Usability and Accessibility
For a list of access keys this site uses, view my accessibility page.
It is a simple concept, yet there are too many web designers out there who don't consider usability when creating websites. In its simplest terms, usability is how easy a website is to use. For instance, is the navigation clear, is it easy to use and instantly noticeable; are the web pages organized effectively; is the font size large enough to read with sufficient contrast to the background color; and so on. While you may be thinking, "Duh," it is all too easy to complicate what should be a straightforward and easy-to-use website. Usability is perhaps the most underrated aspect of good web design.
I design usable websites
From the very beginning of working with me, I'll give my input on usability. This is especially true if I think your ideas are going in the wrong direction with regards to the general usability of a website's layout or the content. Internet surfers have a very low tolerance for websites that don't give them what they want fast enough, and if it takes more than a few seconds for visitors to figure out how to navigate your site, or to see that your website has information they want, they will leave.
Your website doesn't need to reinvent the wheel, and when a website sacrifices its content by employing bleeding-edge techniques that confuse the average internet surfer, neither you nor the visitor wins.
Accessibility has been a hot topic over the past decade, and as the word implies, it has to do with the range of browsers and devices that can or cannot display or read a website. Accessibility specifically benefits disabled people, and The World Wide Web Consortium explains what accessibility is quite concisely.

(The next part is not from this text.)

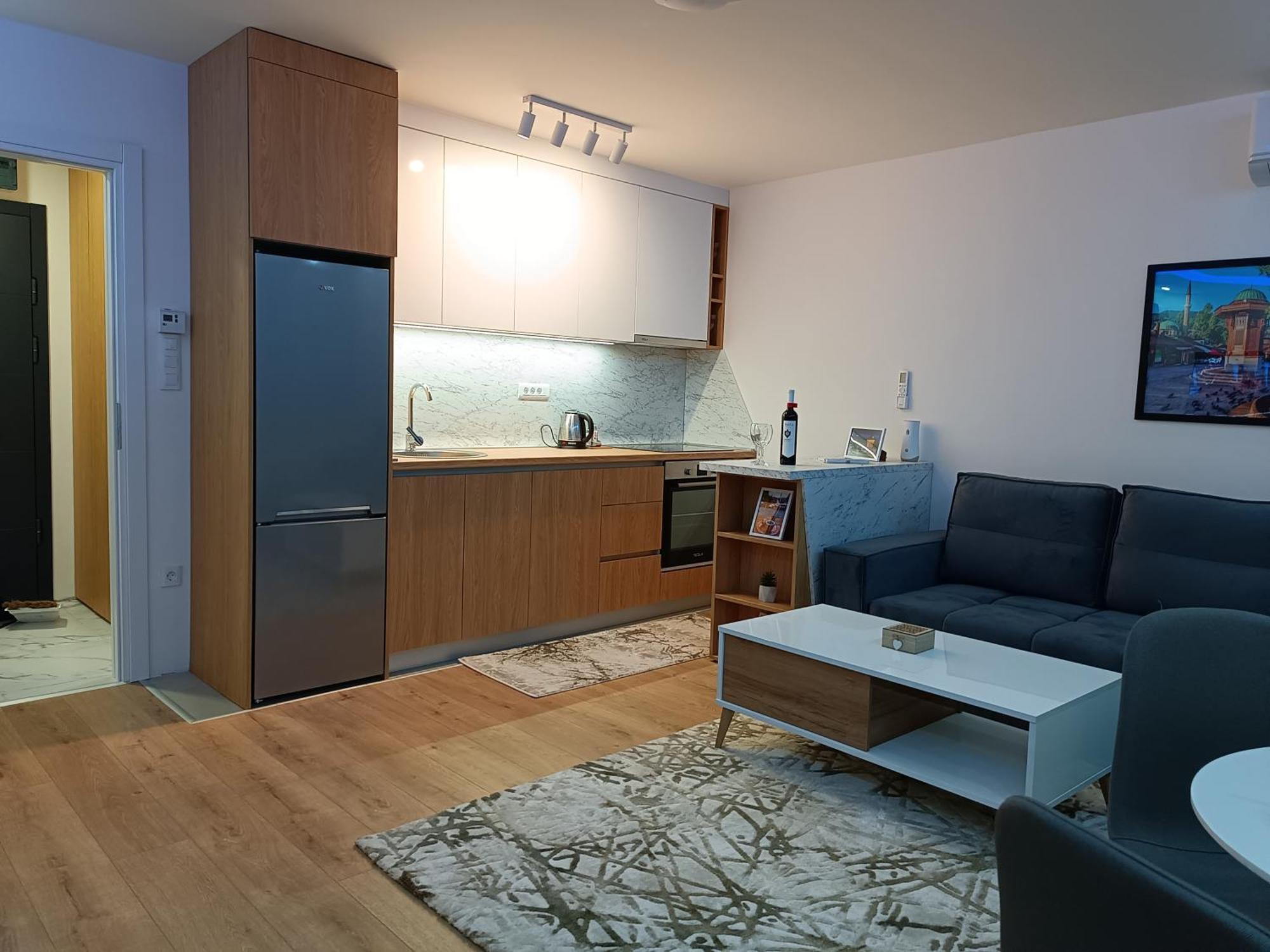 Apartman "Airplane" Szarajevó Kültér fotó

Web accessibility means that people with disabilities can use the Web. More specifically, Web accessibility means that people with disabilities can perceive, understand, navigate, and interact with the Web, and that they can contribute to the Web. Web accessibility also benefits others, including older people with changing abilities due to aging.
Less capable browsers
The majority of users on the internet surf the web with fully functional browsers, however, most smart phones don't usually come with a particularly functional browser, and accessible websites can seriously improve a user's experience on pint-sized browsers.
Accessibility for those with disabilities
Screen readers take the content of a website and read it aloud which enables people with vision problems to surf the internet. My websites are coded in XHTML and CSS while keeping accessibility in mind. Everything from text-only browsers and screen readers to the most functional browsers on the market today are aided by accessible websites.